And functional names, you know, ho hotels.com, you know, directly describe that product or service, it's highly descriptive. We also get lost in that when we see companies that are named quality or absolute, or any of these things, where they're trying to be definitive and holistic, it's nearly impossible. To own that idea and attach it to what you represent? 

Chris Torbay: Well, or you could do it, but as I say, then it's a restriction. If you wanna call you in Canada there was this, this big move for, 2-for-1 pizzas. A company owned calls themselves 2-for-1 Pizza. You pay for one pizza, they give you a second one for free. Cool. But like now, you can't be the most delicious pizza in town because the thing you've named yourself is that you get a free one. And so it is not that's cool. Now, if we also say We're delicious, boy, we're gonna win all of it. 

Mick Torbay: Also, you sure as hell, better be selling two pizzas for the price of where the competitor sells one, because in all those situations where people say, “Oh, we're two for one pizza”. No, you're twice as expensive pizza, and we give you two of them, you know, we're, we're not gonna fall for that.

Ryan Chute: Buy one pizza for full price and get the second one for full price as well. 

Mick Torbay: Well, and also when you're naming things, we have to bear in mind human nature, and human nature is always going to shorten things. This is a mistake that a lot of people make. They think that you can have a long, descriptive, complicated name and think that people are actually gonna say that, we all shorten it.
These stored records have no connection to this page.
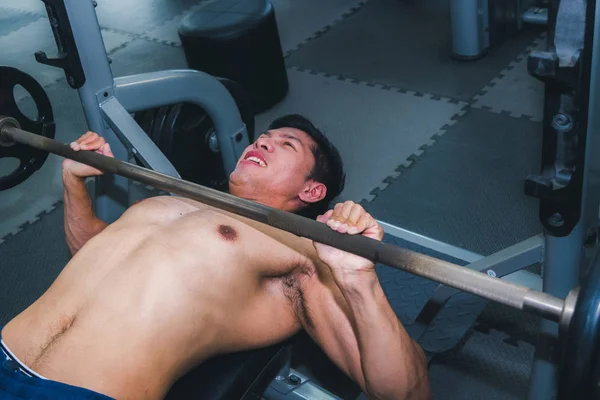 Asiatische muskulöse Männer stemmen Gewichte im Fitnessstudio. — Stockfoto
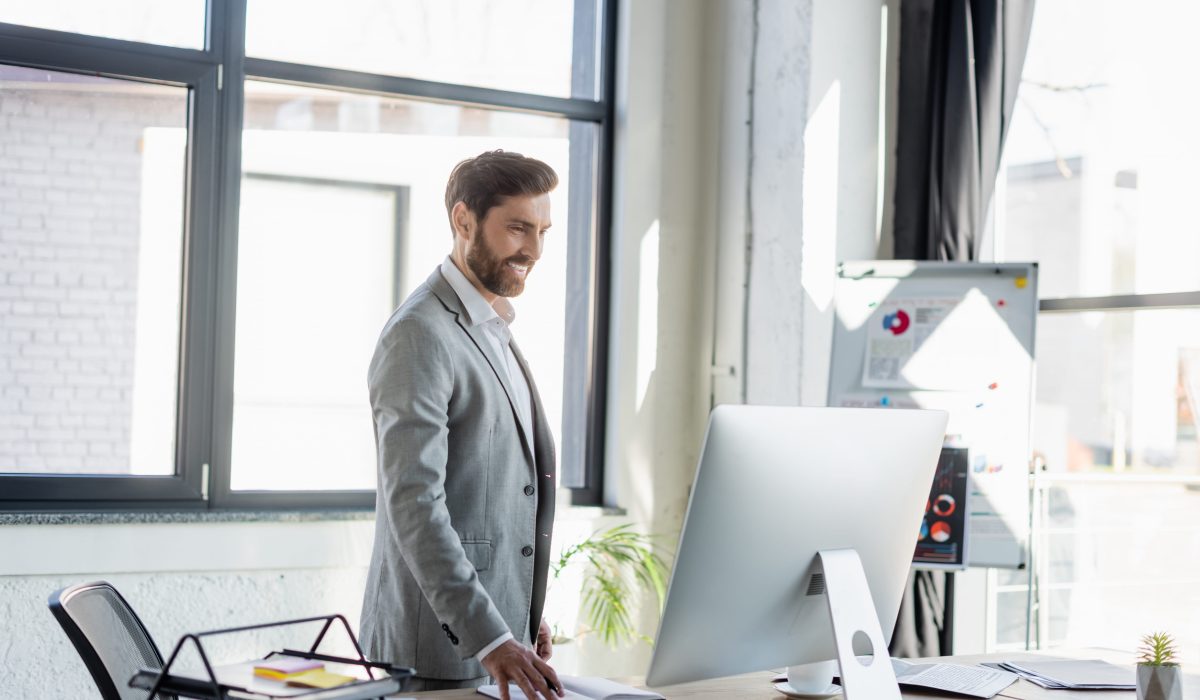 Business professional standing at a desk in a bright modern office, reviewing information on a large computer monitor while managing operations in a productive and technology-driven work environment.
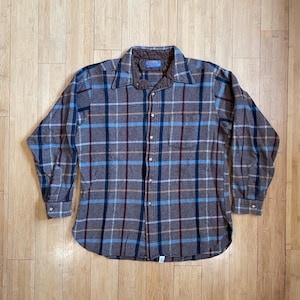 以下が含まれることがあります： ボタン留めのフロントと長袖の、茶色、青、タンの格子柄のフランネルシャツ。シャツは左胸にパッチポケットと、コントラストの効いた青い裏地の襟が付いている。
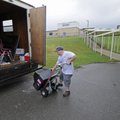 Justin Tate, an employee of the Fayetteville School District, works Monday moving equipment and furn...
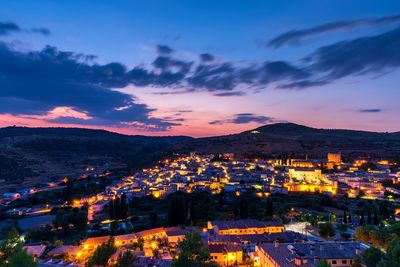 High angle shot of illuminated townscape against sky at sunset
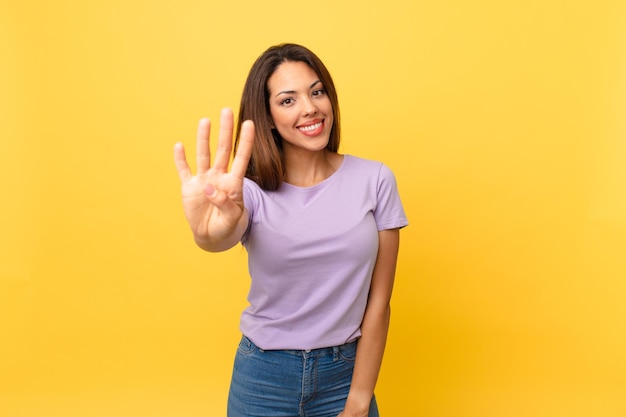 Giovane donna ispanica che sorride e sembra amichevole, mostrando il numero quattro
I mean, Federal Express isn't that long, and we still say shorten it, and we shortened it. Exactly. So bear that in mind. I mean, it's one of the reasons why Allied Garage Door of Southwest Florida. We changed to Mo Better Garage because it's significantly shorter, and now people can at least remember that.

If they shortened Allied Garage doors of Southwest Florida, what they're gonna do is they're gonna short it, shorten it to Allied, and they can't own the idea of Allied.

Chris Torbay: Well, because there's probably an Allied Trucking, there's, there's an Allied Taxi. 

Mick Torbay: There’s probably a hundred Allied. And so they're never gonna own that idea. But what they could own is Mo Better Garage. And they at least have a fighting chance of people remembering their brand compared to another one. 

Ryan Chute: Which would fall into the evocative world. This is we're taking something and going, what are the things that are going to stand you 600 feet above the competition?  It can't be that you're different anymore. It has to be distinct. And that subtle shift is that everyone is different, like everyone else. Like, there is no different-indifferent anymore. We have to shift gears and point in a different direction. But we were also very strategic in Mo Better Garage to not call it Mo Better Garage Doors. Why? Because if they wanna sell any other kind of door, or epoxy flooring, or lifts, or storage, storage cabinet storage. Exactly. They have the freedom to do that now, and in the future, we ought to look at it from a standpoint of, is this going to be a local brand or a national brand? 

So you start to shift these mindsets to what is the game that we're playing, what is the big vision and how we're gonna fit this all in. So you're absolutely right, now, where that goes to the next step is how we can focus in on the emotional components of it. If we don't have an emotional connection, it's way harder for your name to do the lifting that it needs to do.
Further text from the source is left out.